[Start of Attachment]

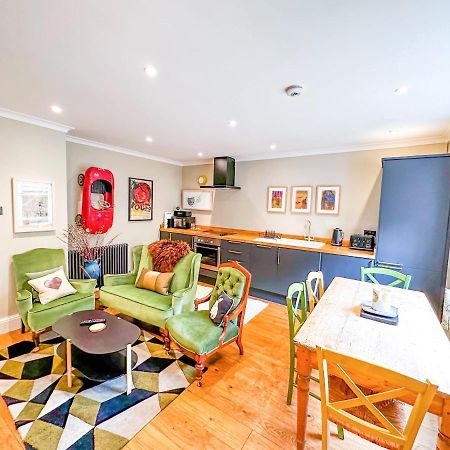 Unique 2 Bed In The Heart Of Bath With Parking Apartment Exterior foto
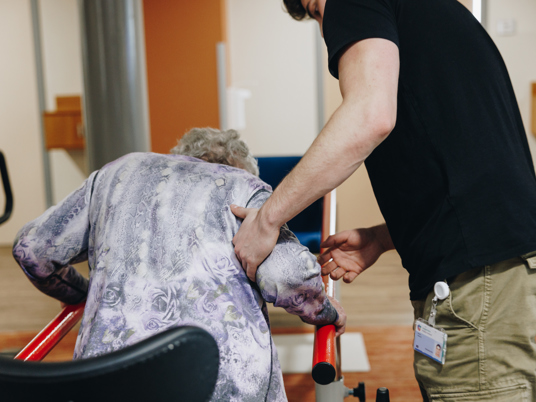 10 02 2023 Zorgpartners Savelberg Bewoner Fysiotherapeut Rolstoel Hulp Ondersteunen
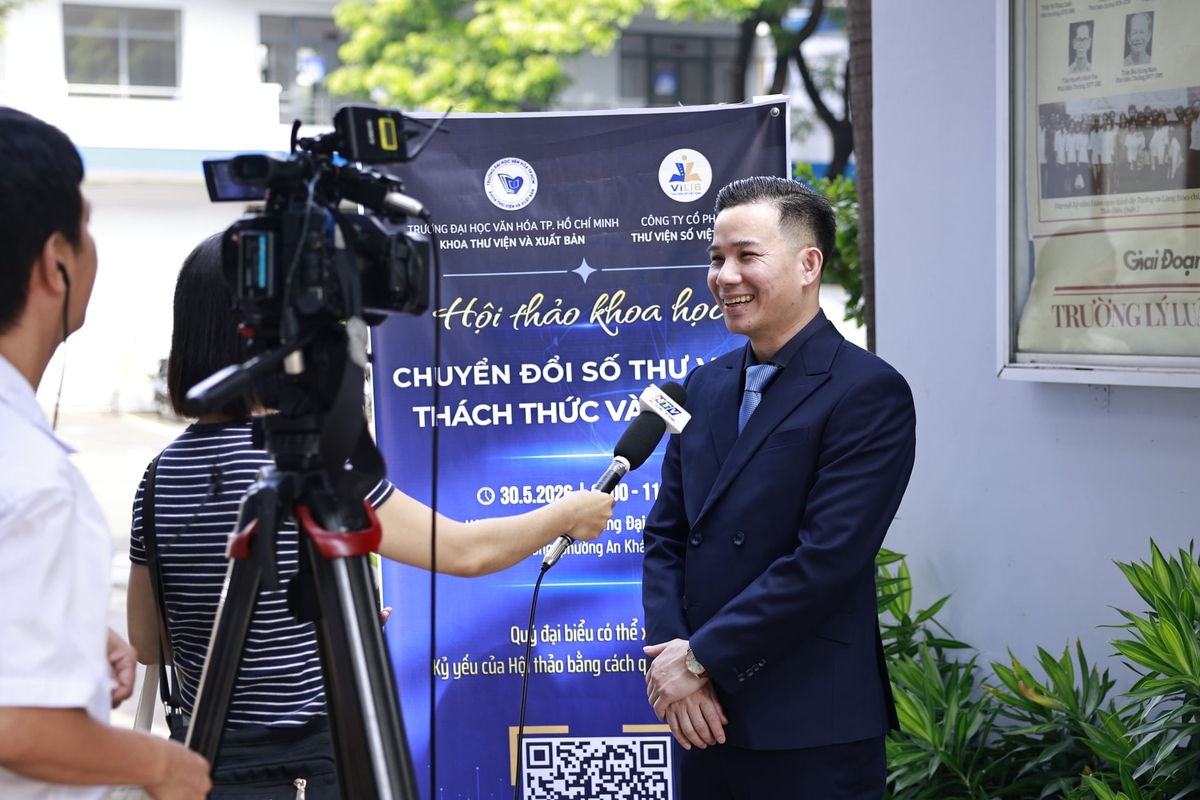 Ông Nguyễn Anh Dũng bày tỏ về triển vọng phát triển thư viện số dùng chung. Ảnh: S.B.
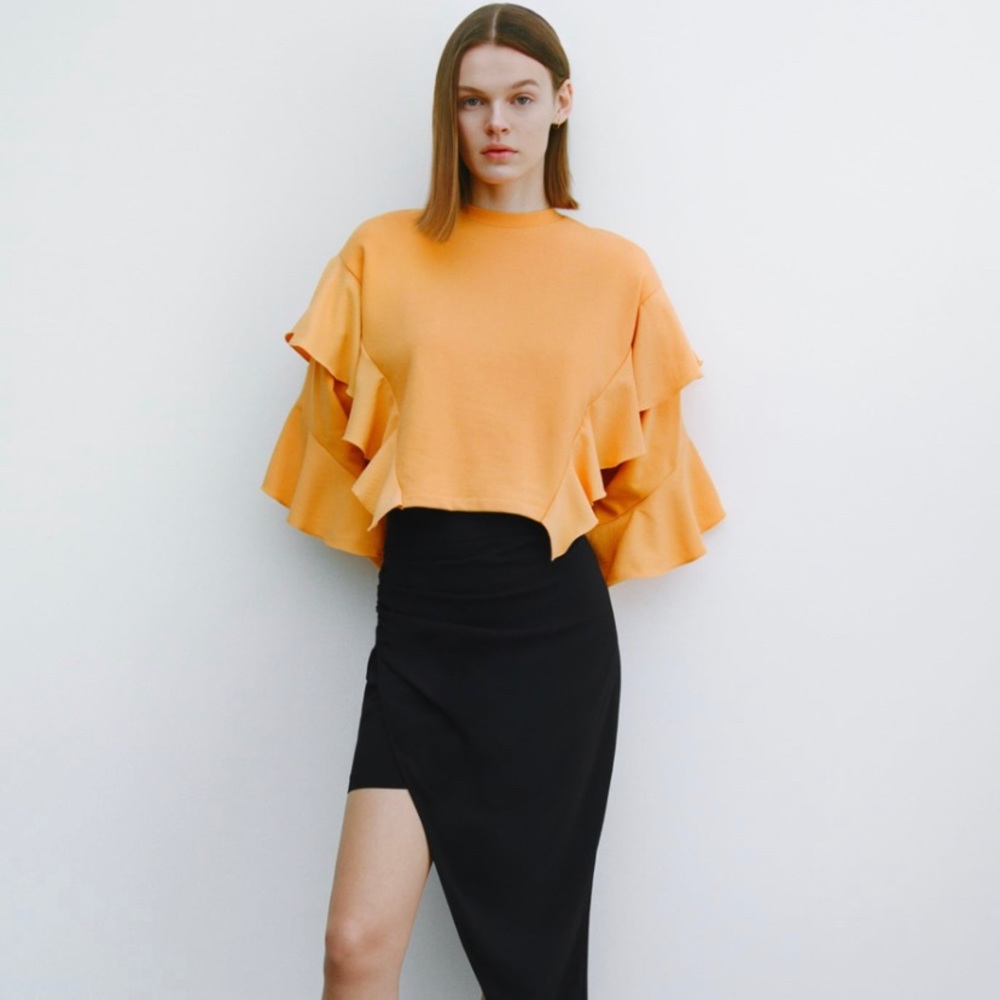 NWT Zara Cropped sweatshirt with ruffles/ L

[End of Attachment]

▶ [YOUR OBJECTIVE]
Retype the lines above exactly, no pictures.

▶ [TASK SOLUTION]
 Unique 2 Bed In The Heart Of Bath With Parking Apartment Exterior foto
 10 02 2023 Zorgpartners Savelberg Bewoner Fysiotherapeut Rolstoel Hulp Ondersteunen
 Ông Nguyễn Anh Dũng bày tỏ về triển vọng phát triển thư viện số dùng chung. Ảnh: S.B.
 NWT Zara Cropped sweatshirt with ruffles/ L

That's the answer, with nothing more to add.